Aim of the exercise
Please keep to the lines below from the one with "Miniatura 9 de" through the one with "WEEN /PURE GUAVA", and restate them word for word, ends included.
═══ Data provided ═══
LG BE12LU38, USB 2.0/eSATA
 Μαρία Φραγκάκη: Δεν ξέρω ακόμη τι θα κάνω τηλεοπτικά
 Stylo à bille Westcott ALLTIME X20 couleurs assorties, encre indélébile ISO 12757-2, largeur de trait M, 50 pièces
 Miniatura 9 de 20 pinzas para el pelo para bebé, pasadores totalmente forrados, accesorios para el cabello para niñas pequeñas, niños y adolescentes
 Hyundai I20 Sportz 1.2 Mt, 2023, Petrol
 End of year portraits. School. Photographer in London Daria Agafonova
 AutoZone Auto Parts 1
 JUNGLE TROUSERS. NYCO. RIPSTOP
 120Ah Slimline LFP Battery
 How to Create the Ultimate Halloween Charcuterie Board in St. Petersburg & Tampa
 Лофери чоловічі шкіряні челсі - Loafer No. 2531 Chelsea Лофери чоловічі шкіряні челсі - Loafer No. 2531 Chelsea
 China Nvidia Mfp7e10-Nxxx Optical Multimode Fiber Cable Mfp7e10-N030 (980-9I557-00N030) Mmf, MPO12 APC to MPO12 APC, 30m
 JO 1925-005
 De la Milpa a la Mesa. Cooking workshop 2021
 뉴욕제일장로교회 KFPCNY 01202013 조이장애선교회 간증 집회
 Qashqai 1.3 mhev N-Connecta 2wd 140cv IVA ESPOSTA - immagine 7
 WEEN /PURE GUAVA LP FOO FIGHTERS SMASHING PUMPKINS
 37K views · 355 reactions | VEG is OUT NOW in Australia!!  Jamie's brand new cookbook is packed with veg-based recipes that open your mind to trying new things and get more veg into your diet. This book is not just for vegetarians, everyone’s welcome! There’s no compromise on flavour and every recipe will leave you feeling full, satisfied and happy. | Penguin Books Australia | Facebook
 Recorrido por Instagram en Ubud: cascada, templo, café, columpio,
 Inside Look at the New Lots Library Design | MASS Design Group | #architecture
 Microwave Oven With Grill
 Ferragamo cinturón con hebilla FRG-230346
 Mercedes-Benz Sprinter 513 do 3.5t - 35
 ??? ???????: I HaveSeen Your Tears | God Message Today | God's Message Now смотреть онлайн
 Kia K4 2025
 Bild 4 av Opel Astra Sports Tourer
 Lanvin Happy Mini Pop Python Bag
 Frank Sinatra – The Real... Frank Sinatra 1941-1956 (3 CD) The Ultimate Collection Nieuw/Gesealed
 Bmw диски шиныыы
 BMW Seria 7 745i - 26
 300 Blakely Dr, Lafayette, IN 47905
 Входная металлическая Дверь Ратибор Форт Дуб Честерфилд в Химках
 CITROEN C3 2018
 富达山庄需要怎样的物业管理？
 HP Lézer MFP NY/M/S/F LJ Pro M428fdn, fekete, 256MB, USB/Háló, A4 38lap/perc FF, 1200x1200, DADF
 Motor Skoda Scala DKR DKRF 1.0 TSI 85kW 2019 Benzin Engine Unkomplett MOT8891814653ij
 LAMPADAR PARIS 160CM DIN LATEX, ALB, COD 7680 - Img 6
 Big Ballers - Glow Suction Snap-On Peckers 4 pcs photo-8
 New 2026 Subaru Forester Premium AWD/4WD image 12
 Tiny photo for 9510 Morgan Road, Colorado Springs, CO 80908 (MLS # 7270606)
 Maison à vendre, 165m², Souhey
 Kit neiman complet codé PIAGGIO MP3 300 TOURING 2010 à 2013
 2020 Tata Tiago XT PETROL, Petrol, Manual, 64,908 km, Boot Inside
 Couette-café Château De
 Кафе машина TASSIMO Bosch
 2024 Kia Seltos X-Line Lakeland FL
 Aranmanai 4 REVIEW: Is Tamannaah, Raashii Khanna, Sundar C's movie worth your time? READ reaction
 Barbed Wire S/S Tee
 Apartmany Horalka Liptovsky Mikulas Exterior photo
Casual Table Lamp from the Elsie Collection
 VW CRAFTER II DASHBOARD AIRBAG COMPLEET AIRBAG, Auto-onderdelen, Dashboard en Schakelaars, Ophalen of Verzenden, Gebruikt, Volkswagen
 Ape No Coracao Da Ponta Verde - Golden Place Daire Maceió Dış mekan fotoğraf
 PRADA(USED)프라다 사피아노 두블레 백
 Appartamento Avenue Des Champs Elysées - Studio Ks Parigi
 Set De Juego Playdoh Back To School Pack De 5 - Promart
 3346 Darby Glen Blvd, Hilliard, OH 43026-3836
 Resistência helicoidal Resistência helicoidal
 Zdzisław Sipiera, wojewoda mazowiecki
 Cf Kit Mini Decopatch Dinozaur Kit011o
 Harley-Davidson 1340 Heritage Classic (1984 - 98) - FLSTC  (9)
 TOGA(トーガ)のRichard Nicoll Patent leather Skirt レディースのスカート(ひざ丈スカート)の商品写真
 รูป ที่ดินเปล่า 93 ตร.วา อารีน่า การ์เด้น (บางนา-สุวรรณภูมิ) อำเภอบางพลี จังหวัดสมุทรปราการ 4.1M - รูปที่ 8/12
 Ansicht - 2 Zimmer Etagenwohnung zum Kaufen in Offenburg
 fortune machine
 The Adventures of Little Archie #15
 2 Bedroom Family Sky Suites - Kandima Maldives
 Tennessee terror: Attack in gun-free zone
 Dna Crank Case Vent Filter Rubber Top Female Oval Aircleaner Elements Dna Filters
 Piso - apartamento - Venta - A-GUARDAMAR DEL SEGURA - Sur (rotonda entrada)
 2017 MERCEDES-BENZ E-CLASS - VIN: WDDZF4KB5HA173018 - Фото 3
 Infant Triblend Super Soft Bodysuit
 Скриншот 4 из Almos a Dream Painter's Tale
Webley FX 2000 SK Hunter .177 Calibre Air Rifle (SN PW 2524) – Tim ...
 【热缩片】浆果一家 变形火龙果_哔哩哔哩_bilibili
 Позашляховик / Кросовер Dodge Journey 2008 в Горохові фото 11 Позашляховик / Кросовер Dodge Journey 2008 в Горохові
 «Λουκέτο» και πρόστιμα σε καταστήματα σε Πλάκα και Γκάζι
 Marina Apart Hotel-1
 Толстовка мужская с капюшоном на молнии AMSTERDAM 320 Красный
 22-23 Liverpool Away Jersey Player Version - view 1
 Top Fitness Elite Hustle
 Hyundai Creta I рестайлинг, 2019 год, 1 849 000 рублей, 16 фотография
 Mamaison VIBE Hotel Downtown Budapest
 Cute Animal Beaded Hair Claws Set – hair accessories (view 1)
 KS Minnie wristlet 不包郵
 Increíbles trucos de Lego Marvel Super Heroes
═══
Reply to the task
 Miniatura 9 de 20 pinzas para el pelo para bebé, pasadores totalmente forrados, accesorios para el cabello para niñas pequeñas, niños y adolescentes
 Hyundai I20 Sportz 1.2 Mt, 2023, Petrol
 End of year portraits. School. Photographer in London Daria Agafonova
 AutoZone Auto Parts 1
 JUNGLE TROUSERS. NYCO. RIPSTOP
 120Ah Slimline LFP Battery
 How to Create the Ultimate Halloween Charcuterie Board in St. Petersburg & Tampa
 Лофери чоловічі шкіряні челсі - Loafer No. 2531 Chelsea Лофери чоловічі шкіряні челсі - Loafer No. 2531 Chelsea
 China Nvidia Mfp7e10-Nxxx Optical Multimode Fiber Cable Mfp7e10-N030 (980-9I557-00N030) Mmf, MPO12 APC to MPO12 APC, 30m
 JO 1925-005
 De la Milpa a la Mesa. Cooking workshop 2021
 뉴욕제일장로교회 KFPCNY 01202013 조이장애선교회 간증 집회
 Qashqai 1.3 mhev N-Connecta 2wd 140cv IVA ESPOSTA - immagine 7
 WEEN /PURE GUAVA LP FOO FIGHTERS SMASHING PUMPKINS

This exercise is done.